Output must consist only of the lines of the material below from the one with "ANKRD13A Antibody, Novus" through the one with "Tumor GI del estroma", each reproduced exactly; no pictures belong in it.

:: DATASET EXTRACT ::

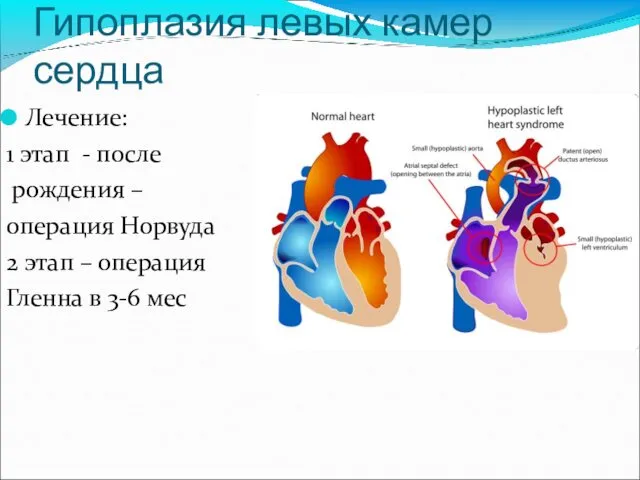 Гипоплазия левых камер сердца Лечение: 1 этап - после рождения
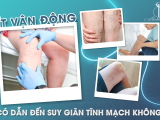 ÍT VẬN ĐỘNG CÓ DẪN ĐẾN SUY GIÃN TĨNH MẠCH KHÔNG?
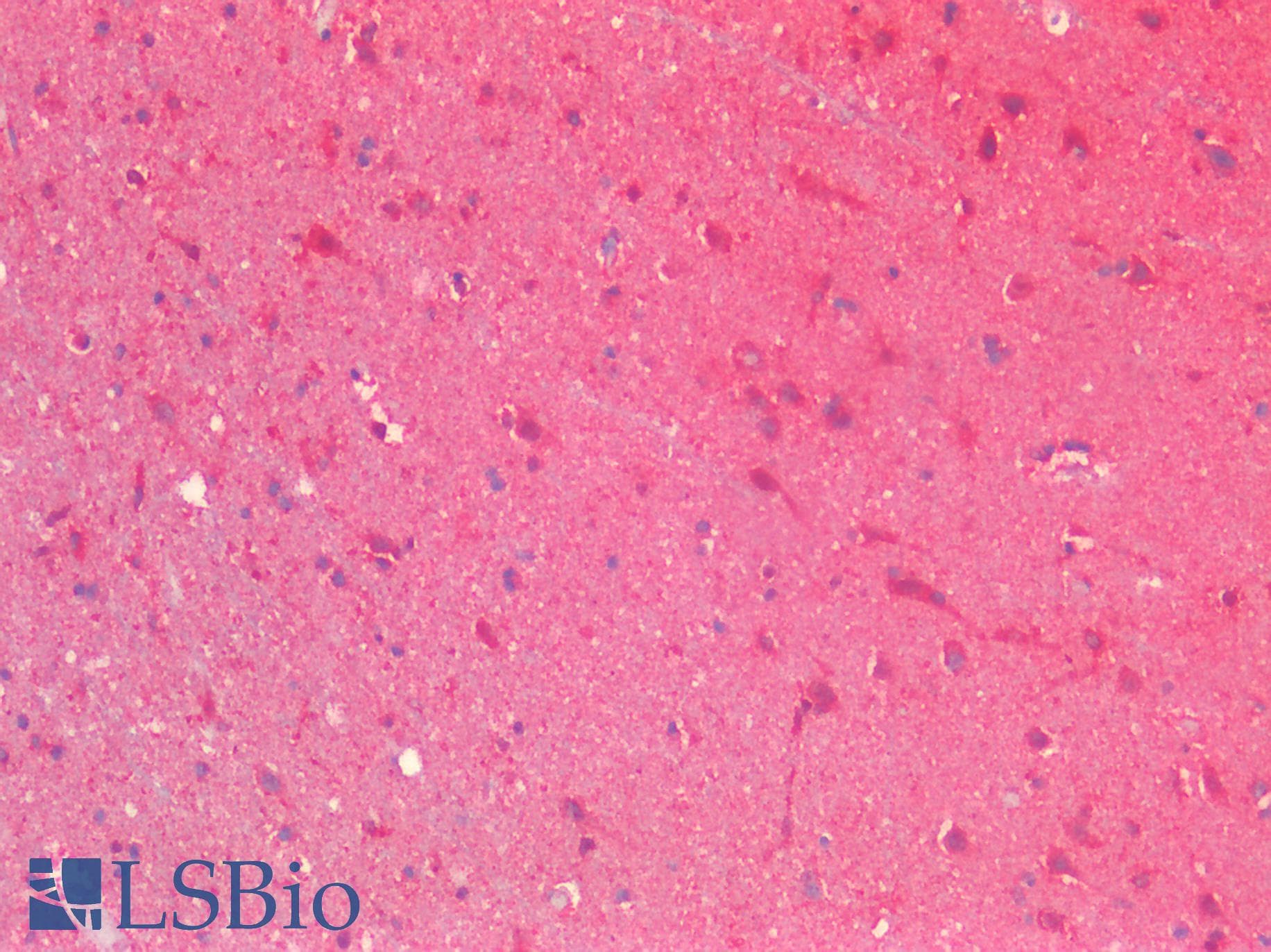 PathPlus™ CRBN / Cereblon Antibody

:::
:: DATASET EXTRACT ::

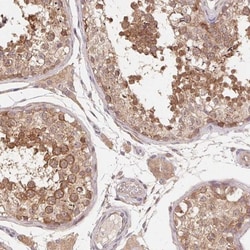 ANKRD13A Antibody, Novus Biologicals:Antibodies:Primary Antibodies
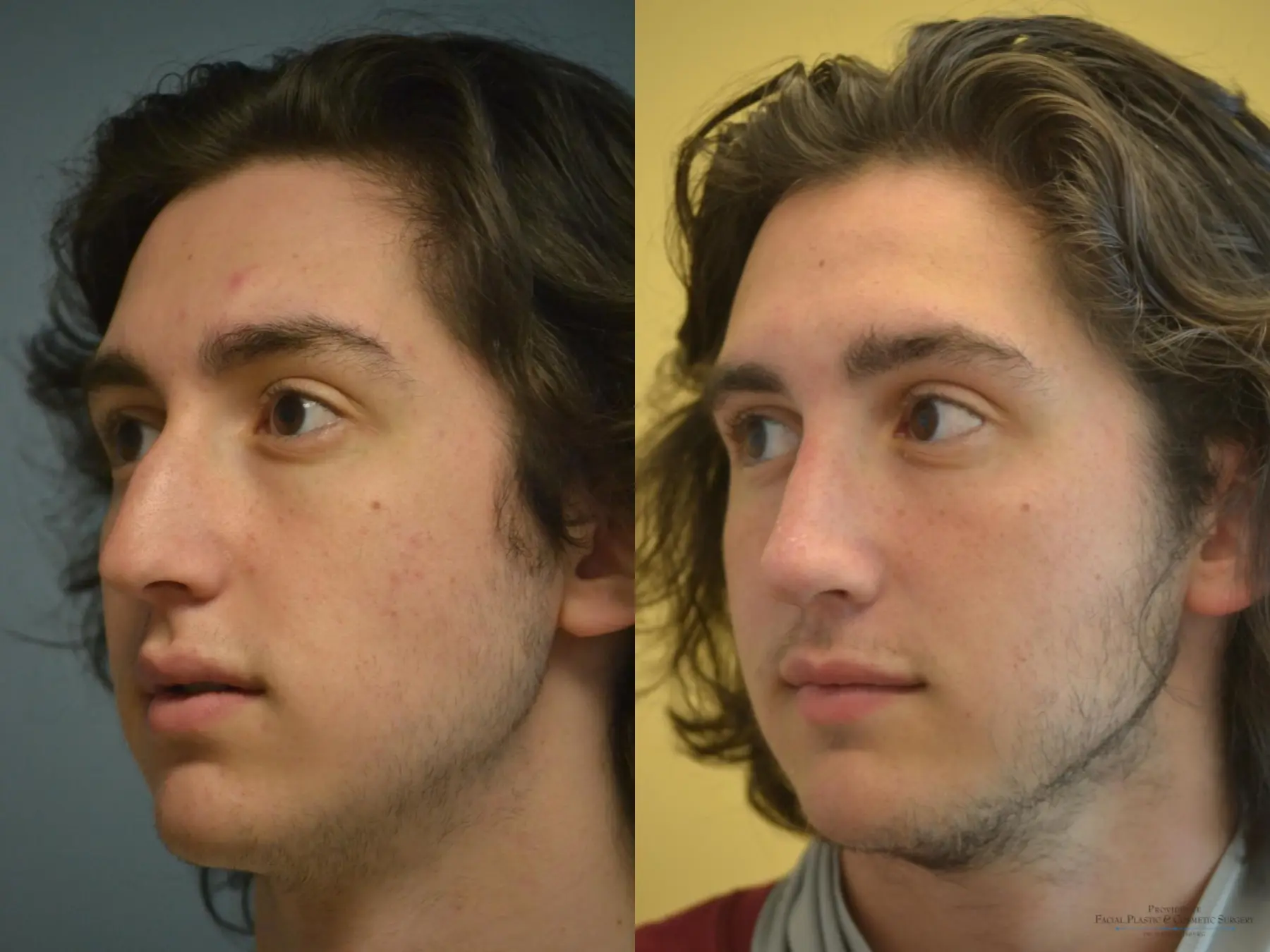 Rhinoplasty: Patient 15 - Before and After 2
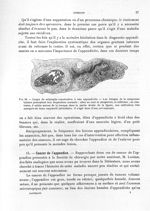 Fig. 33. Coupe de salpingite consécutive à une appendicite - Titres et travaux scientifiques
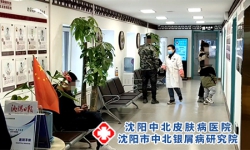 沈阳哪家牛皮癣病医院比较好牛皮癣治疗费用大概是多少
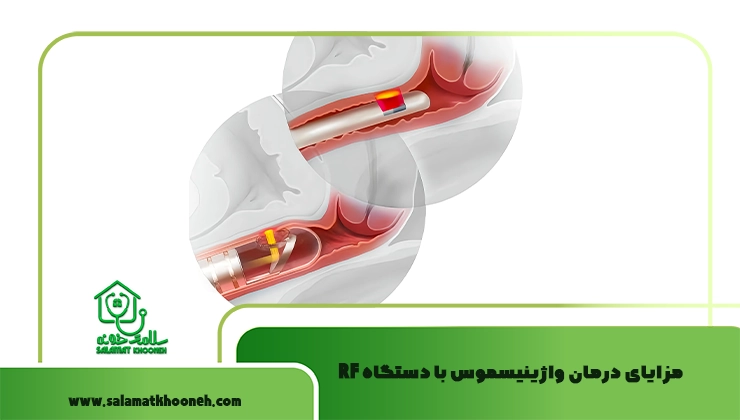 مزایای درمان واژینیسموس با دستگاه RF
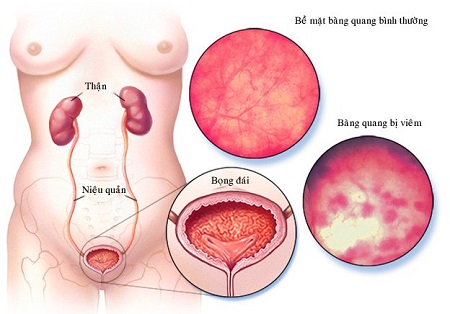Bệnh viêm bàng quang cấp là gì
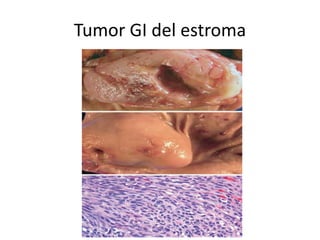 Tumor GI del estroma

:::
:: DATASET EXTRACT ::

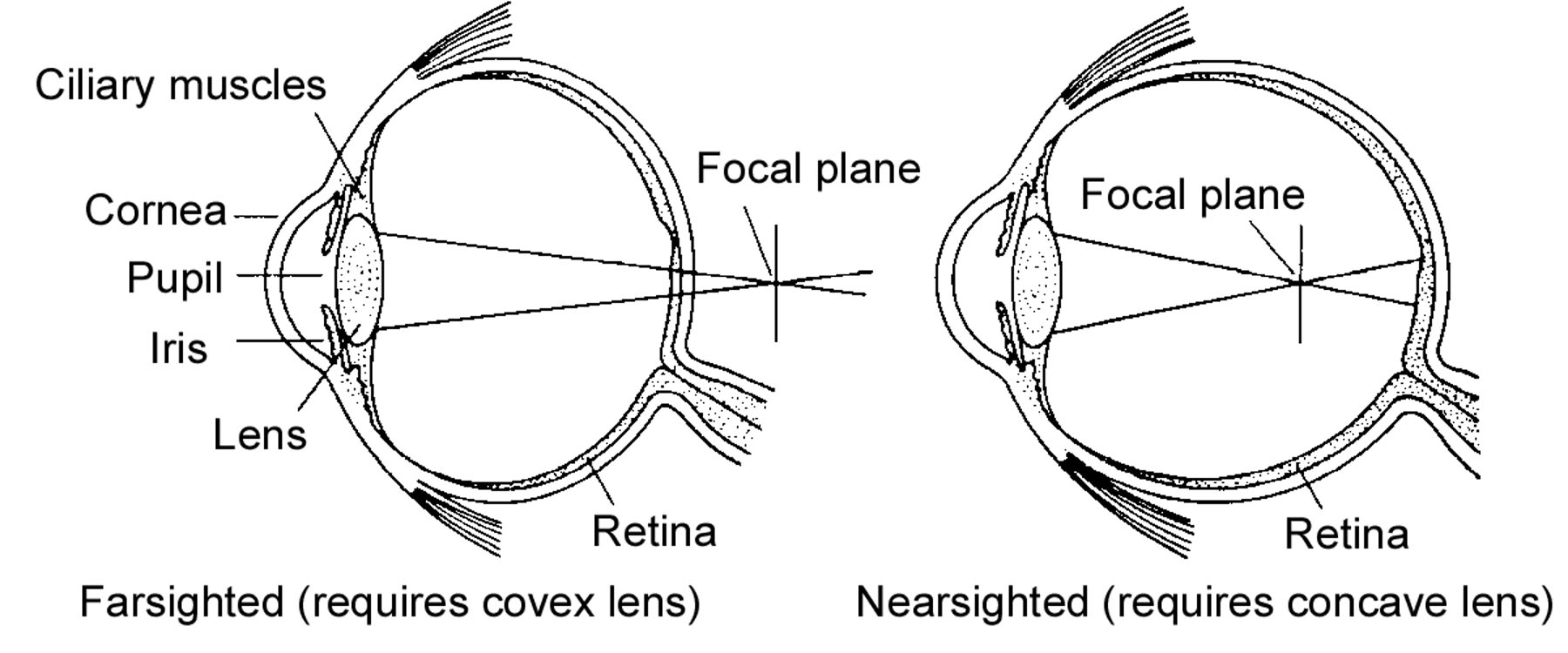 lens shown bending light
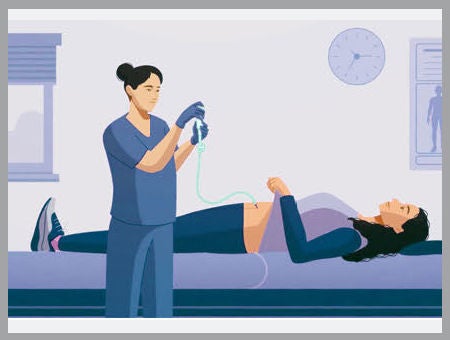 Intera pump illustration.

:::

EXERCISE SOLUTION —
 ANKRD13A Antibody, Novus Biologicals:Antibodies:Primary Antibodies
 Rhinoplasty: Patient 15 - Before and After 2
 Fig. 33. Coupe de salpingite consécutive à une appendicite - Titres et travaux scientifiques
 沈阳哪家牛皮癣病医院比较好牛皮癣治疗费用大概是多少
 مزایای درمان واژینیسموس با دستگاه RF
Bệnh viêm bàng quang cấp là gì
 Tumor GI del estroma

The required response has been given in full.